# Input Data Inspector Demo

This notebook demonstrates the `intccms.metrics.inspector` module for characterizing input ROOT files.

The inspector allows you to:
- Extract metadata from ROOT files (events, file sizes, branch sizes, compression ratios)
- Run distributed inspection using Dask
- Aggregate statistics across datasets
- Create visualizations of input data characteristics

**Works directly with DatasetManager**

In [1]:
import copy
import sys
from pathlib import Path

# Add src directory to Python path
repo_root = Path.cwd()
src_dir = repo_root / "src"
examples_dir = repo_root/"example_cms"
if str(src_dir) not in sys.path:
    sys.path.insert(0, str(src_dir))
if str(examples_dir) not in sys.path:
    sys.path.insert(0, str(examples_dir))
print(f"✅ Added {src_dir} to Python path")
print(f"✅ Added {examples_dir} to Python path")
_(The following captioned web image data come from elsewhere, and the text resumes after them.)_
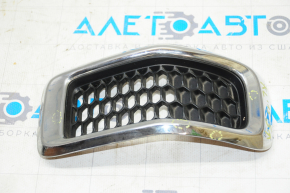 Chrome insert in the radiator grille Jeep Cherokee KL 14-18 pre-rest, 5E pokes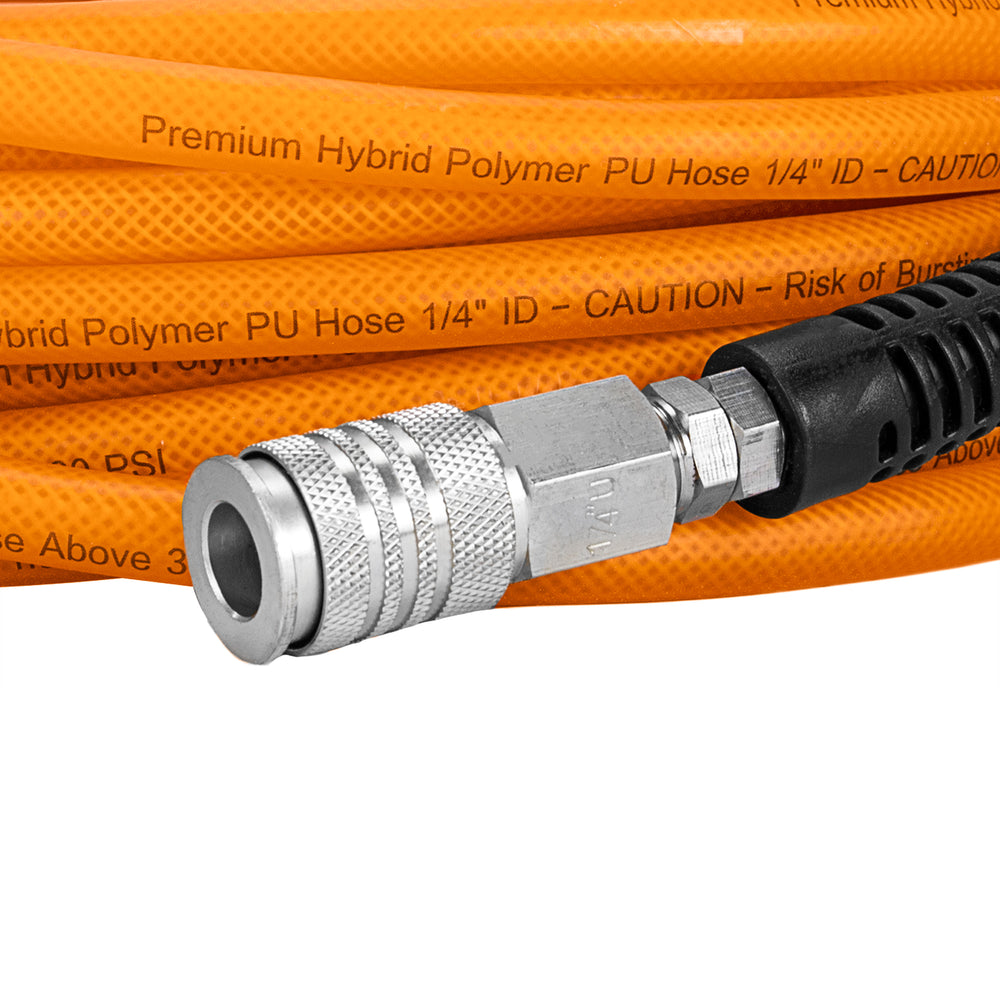 1/4" x 50' PU Hybrid Air Hose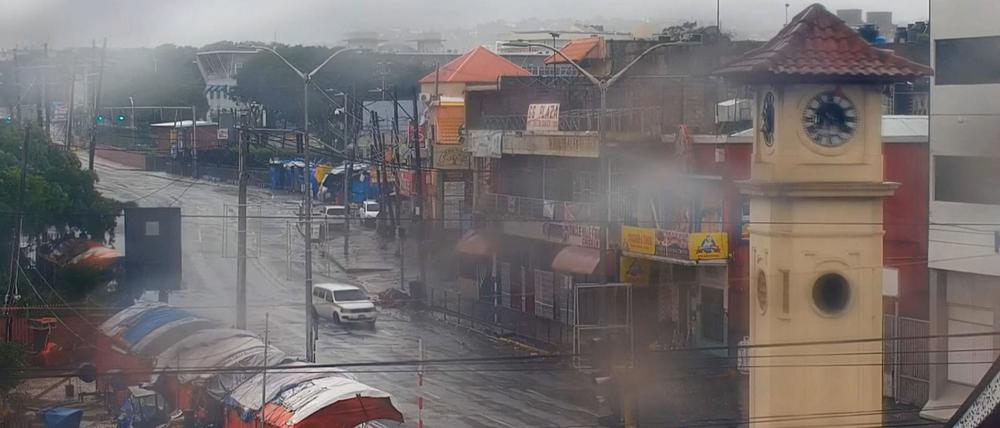 Jamaikas Hauptstadt Kingston.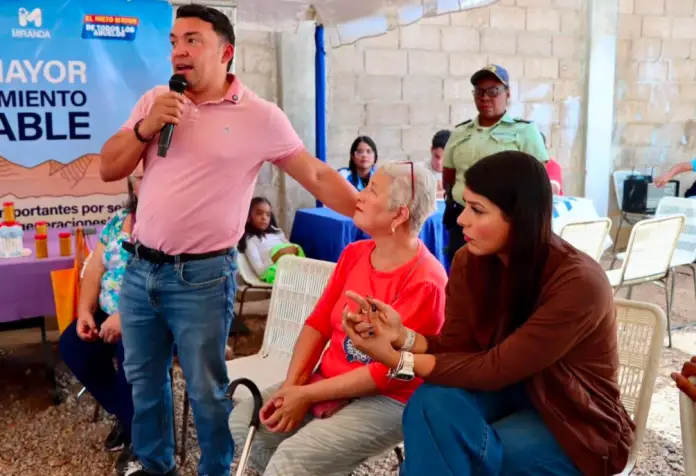 El alcalde Henry Hernández, lideró una jornada de atención social integral a los abuelos de las comunas Gran Cacique Caujarao y Libertadores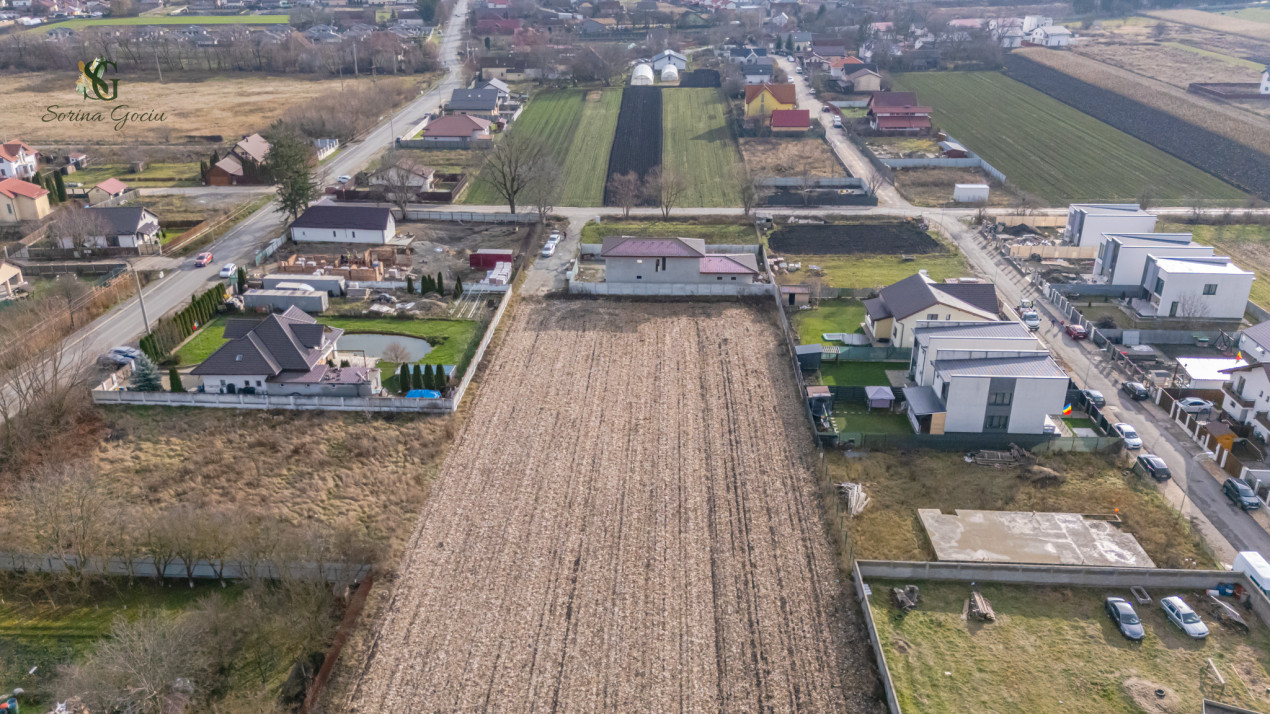 Teren Intravilan, Stra. Tamplarilor, Stupini, Brasov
from dask.distributed import Client, PipInstall
import matplotlib.pyplot as plt

import cloudpickle
import intccms
import example_cms

# Register modules for cloud pickle
cloudpickle.register_pickle_by_value(intccms)
cloudpickle.register_pickle_by_value(example_cms)
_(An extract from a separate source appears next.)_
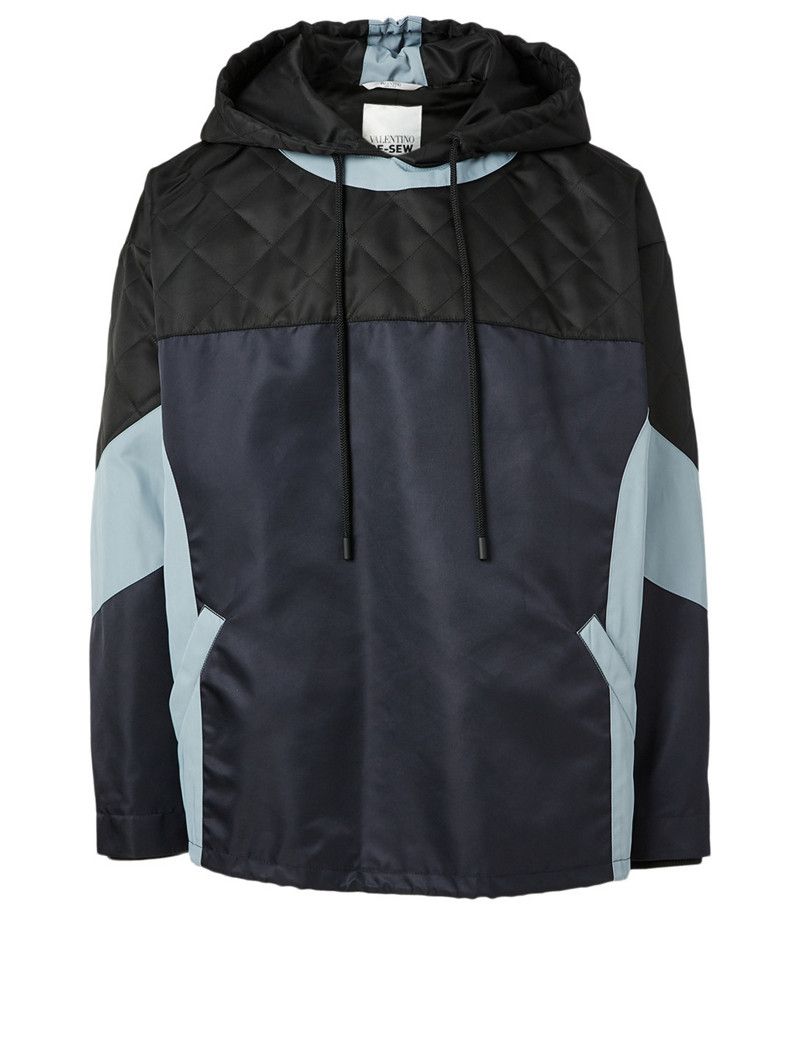 Valentino Valentino $2370 BNWT Nylon Anorak Jacket With Hood Size 48 Size US M / EU 48-50 / 2 - 1 Thumbnail
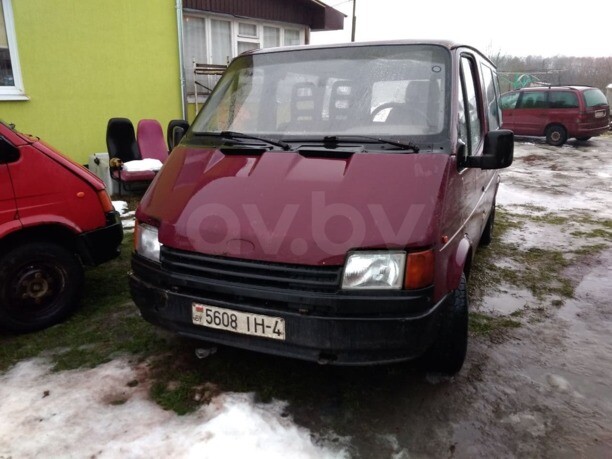 Ford Transit, 1989 г.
from intccms.datasets import DatasetManager
from intccms.metrics.inspector import (
    extract_files_from_dataset_manager,
    get_dataset_file_counts,
    inspect_dataset_distributed,
    aggregate_statistics,
    group_by_dataset,
    compute_dataset_statistics,
    compute_compression_stats,
    format_error_summary,
    plot,
)

✅ Added /home/cms-jovyan/intccms-agc-demo-10/src to Python path
✅ Added /home/cms-jovyan/intccms-agc-demo-10/example_cms to Python path


In [2]:
def acquire_client():
    client = Client("tls://localhost:8786")
    cluster = None  # no local cluster in this mode
    return client, cluster

## Step 1: Load Dataset Configuration

Load the dataset configuration from `example_cms/configs/skim.py`.
This uses the same configuration as your processing workflow.

In [3]:
from example_cms.configs.configuration import config as original_config
from intccms.schema import Config, load_config_with_restricted_cli
# Configuration setup
config = copy.deepcopy(original_config)

cli_args = []
full_config = load_config_with_restricted_cli(config, cli_args)
validated_config = Config(**full_config)

# Create DatasetManager
dm = DatasetManager(validated_config.datasets)

print("Available datasets:")
for name in dm.datasets.keys():
    print(f"  - {name}")

Available datasets:
  - signal
  - ttbar_semilep
  - ttbar_had
  - ttbar_lep
  - wjets
  - dyjets
  - single_top
  - qcd
  - diboson
  - data


## Step 2: Quick File Count Summary

Get a quick count of files per dataset without full inspection.

In [4]:
file_counts = get_dataset_file_counts(dm)

print("\nFile counts per dataset:")
for dataset, count in file_counts.items():
    print(f"  {dataset}: {count} files")


File counts per dataset:
  signal: 26 files
  ttbar_semilep: 826 files
  ttbar_had: 684 files
  ttbar_lep: 303 files
  wjets: 7989 files
  dyjets: 529 files
  single_top: 792 files
  qcd: 1150 files
  diboson: 165 files
  data: 1057 files


## Step 3: Extract Files for Inspection

Extract file paths from DatasetManager. You can:
- Inspect all datasets
- Inspect specific processes
- Limit files per process (useful for quick sampling)

In [5]:
# Option A: Sample first 5 files per dataset for quick testing
# file_list, dataset_map = extract_files_from_dataset_manager(
#     dm,
#     max_files_per_process=5,
# )

# Option B: Inspect specific datasets
# file_list, dataset_map = extract_files_from_dataset_manager(
#     dm,
#     processes=["signal", "ttbar_semilep"],
#     max_files_per_process=10,
# )

# Option C: Inspect all files (can be slow for large datasets!)
file_list, dataset_map = extract_files_from_dataset_manager(dm)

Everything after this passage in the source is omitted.